Exercise instructions —
Starting with the line that contains "Aluminium Shutter New", copy out each line through the end of the entries below, exactly as written, and nothing else.

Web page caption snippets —
________

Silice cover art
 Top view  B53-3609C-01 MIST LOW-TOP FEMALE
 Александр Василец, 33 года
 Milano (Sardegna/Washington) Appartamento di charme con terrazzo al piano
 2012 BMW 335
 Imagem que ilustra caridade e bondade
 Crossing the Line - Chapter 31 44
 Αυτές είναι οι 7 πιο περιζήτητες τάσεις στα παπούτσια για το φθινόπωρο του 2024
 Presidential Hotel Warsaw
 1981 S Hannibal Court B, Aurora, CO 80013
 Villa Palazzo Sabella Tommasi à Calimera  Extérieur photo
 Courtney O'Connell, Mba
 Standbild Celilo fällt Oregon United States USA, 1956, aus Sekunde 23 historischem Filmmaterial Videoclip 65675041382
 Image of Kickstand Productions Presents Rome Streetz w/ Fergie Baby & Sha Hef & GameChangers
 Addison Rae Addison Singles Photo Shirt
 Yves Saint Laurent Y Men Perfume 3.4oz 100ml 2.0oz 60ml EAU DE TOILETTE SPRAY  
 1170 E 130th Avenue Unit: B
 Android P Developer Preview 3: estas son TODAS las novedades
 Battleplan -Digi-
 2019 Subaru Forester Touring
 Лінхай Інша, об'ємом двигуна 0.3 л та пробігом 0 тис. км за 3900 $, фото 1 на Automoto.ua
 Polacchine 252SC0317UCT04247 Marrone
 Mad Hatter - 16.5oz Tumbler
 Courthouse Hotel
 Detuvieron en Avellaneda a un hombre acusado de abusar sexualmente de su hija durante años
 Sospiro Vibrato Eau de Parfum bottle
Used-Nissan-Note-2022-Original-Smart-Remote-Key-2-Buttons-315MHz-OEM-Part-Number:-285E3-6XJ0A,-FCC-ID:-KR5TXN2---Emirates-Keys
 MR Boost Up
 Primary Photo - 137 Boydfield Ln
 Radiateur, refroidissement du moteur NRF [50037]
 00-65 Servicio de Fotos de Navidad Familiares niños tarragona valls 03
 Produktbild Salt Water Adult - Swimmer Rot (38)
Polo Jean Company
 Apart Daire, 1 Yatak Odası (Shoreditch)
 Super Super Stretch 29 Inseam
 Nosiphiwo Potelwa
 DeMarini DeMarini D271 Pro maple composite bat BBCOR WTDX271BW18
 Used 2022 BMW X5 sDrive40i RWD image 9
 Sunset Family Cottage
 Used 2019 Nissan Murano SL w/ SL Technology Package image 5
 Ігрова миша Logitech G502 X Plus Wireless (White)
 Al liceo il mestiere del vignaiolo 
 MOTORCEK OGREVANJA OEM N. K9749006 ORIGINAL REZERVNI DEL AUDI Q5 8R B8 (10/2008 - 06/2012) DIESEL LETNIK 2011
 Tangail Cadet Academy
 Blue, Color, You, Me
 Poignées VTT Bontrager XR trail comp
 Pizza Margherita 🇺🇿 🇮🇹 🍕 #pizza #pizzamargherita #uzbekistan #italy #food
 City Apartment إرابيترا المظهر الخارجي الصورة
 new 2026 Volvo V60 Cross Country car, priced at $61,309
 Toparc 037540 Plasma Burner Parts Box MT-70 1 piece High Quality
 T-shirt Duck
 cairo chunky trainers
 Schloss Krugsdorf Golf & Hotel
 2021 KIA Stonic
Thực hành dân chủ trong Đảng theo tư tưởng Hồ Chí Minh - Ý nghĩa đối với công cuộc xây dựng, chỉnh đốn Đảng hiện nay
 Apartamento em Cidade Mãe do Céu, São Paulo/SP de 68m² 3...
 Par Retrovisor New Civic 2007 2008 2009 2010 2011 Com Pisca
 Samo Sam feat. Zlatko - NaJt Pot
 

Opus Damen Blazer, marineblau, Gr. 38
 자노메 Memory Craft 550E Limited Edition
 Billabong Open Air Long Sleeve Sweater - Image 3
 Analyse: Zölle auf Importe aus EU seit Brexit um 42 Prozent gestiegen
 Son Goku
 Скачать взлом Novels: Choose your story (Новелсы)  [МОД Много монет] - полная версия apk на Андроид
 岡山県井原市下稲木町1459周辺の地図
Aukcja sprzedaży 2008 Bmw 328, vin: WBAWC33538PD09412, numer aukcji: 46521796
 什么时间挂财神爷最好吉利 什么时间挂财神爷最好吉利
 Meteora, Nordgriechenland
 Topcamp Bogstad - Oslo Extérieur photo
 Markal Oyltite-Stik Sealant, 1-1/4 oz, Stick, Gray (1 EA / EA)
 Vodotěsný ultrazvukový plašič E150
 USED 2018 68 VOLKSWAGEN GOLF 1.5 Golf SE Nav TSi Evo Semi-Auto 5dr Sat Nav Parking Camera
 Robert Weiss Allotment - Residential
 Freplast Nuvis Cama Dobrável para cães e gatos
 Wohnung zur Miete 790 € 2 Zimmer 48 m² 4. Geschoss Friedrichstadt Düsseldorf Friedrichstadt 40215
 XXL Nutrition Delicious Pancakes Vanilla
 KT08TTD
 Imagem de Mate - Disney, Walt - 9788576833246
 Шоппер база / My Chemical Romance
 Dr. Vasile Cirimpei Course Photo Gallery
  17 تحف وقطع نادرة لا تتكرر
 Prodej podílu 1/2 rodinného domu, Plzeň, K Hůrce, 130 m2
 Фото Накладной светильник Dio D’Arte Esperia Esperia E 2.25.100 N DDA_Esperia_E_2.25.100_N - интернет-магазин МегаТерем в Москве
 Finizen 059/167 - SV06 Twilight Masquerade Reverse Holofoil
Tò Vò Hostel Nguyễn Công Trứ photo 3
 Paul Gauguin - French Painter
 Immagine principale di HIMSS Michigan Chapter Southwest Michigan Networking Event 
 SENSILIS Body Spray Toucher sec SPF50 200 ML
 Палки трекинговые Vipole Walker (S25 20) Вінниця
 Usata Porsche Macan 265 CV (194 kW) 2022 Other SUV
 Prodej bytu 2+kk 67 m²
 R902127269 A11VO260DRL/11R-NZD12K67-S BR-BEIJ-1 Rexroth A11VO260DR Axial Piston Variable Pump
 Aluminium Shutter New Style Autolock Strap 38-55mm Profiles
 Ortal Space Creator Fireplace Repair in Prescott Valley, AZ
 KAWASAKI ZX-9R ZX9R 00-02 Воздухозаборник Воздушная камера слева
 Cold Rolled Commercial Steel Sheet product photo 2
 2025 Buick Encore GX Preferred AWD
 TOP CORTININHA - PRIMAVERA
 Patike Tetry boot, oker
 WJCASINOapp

________

Final answer —
 Aluminium Shutter New Style Autolock Strap 38-55mm Profiles
 Ortal Space Creator Fireplace Repair in Prescott Valley, AZ
 KAWASAKI ZX-9R ZX9R 00-02 Воздухозаборник Воздушная камера слева
 Cold Rolled Commercial Steel Sheet product photo 2
 2025 Buick Encore GX Preferred AWD
 TOP CORTININHA - PRIMAVERA
 Patike Tetry boot, oker
 WJCASINOapp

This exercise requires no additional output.